Lieberman’s first years in Connecticut Democratic politics as a state legislator and then state attorney general were reasonably conventional. He was known for a particular interest in civil rights and environmental protection, and his identity as an observant Orthodox Jew also drew attention. But in 1988, the Democrat used unconventional tactics in his challenge to Republican U.S. senator Lowell Weicker. Lieberman positioned himself to the incumbent’s right on selected issues, like Ronald Reagan’s military operations against Libya and Grenada. He also capitalized on longtime conservative resentment of his moderate opponent, winning prized endorsements from William F. and James Buckley, icons of the right. Lieberman won the race narrowly in an upset.
Almost immediately, Senator Lieberman became closely associated with the Democratic Leadership Council. The group of mostly moderate elected officials focused on restoring the national political viability of a party that had lost five of the six previous presidential elections; it soon produced a president in Bill Clinton.
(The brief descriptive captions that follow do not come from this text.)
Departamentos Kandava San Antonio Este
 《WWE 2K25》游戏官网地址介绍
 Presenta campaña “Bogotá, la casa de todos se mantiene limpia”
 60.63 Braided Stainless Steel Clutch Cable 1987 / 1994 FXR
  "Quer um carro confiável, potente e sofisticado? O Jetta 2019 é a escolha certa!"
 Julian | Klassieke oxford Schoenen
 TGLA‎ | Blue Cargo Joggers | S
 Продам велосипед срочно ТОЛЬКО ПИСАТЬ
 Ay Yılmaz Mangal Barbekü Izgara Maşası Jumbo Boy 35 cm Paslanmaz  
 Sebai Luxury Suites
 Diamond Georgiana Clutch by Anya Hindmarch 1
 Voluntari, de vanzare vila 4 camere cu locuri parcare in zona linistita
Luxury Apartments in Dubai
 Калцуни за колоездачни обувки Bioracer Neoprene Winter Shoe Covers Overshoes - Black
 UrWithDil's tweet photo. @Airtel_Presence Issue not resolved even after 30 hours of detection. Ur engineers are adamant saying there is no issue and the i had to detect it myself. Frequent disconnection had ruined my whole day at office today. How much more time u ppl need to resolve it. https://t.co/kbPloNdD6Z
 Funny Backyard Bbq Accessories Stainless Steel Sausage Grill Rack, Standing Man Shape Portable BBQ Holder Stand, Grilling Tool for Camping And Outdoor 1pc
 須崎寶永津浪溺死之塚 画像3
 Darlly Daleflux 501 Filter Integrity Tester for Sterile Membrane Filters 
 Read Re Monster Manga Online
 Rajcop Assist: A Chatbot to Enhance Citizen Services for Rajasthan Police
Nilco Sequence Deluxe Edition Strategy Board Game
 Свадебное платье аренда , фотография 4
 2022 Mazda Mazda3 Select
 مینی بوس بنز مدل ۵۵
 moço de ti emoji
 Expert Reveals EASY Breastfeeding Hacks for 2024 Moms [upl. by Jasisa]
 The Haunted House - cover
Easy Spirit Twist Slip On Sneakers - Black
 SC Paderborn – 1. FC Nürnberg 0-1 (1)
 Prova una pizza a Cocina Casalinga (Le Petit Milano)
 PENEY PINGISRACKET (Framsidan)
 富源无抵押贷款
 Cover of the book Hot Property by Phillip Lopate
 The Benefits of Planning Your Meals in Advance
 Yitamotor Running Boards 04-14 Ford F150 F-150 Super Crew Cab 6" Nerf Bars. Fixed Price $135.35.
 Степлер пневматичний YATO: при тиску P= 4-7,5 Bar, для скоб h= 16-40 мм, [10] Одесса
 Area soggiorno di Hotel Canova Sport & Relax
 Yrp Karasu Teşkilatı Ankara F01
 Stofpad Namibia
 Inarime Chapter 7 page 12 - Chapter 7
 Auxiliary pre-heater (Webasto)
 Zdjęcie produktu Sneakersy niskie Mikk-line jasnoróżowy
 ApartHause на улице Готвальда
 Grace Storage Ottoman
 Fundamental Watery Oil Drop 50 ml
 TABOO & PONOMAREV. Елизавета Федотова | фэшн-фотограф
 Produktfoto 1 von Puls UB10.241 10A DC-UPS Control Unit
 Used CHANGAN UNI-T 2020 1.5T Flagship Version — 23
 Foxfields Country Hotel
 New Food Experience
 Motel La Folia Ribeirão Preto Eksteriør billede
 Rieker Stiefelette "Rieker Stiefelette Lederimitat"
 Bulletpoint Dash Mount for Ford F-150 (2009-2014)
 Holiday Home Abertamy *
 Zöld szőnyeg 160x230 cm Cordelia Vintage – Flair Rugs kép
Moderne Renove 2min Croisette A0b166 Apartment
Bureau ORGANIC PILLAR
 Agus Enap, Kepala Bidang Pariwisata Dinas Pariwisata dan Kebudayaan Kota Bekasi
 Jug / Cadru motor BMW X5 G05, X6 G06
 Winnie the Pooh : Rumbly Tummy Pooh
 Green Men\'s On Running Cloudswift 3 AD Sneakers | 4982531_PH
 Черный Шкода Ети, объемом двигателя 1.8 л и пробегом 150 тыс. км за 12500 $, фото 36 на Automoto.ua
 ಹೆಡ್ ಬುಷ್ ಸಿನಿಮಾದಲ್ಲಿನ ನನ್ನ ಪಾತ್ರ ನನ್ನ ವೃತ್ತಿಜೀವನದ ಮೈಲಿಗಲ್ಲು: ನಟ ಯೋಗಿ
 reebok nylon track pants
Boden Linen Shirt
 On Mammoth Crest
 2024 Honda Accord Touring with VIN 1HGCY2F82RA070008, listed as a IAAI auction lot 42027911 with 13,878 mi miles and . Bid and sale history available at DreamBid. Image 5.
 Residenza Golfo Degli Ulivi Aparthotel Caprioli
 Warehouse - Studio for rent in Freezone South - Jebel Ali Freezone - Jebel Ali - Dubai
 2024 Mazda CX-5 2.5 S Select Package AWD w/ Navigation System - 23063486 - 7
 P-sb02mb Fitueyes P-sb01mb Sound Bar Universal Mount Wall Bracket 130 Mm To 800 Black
Lieberman became probably the most systematically pro-Clinton (or in the parlance of the time, “New Democrat”) member of Congress. This gave his 1998 Senate speech condemning the then-president’s behavior in the Monica Lewinsky scandal as “immoral” and “harmful” a special bite. He probably did Clinton a favor by setting the table for a reprimand that fell short of impeachment and removal, but without question, the narrative was born of Lieberman being disloyal to his party.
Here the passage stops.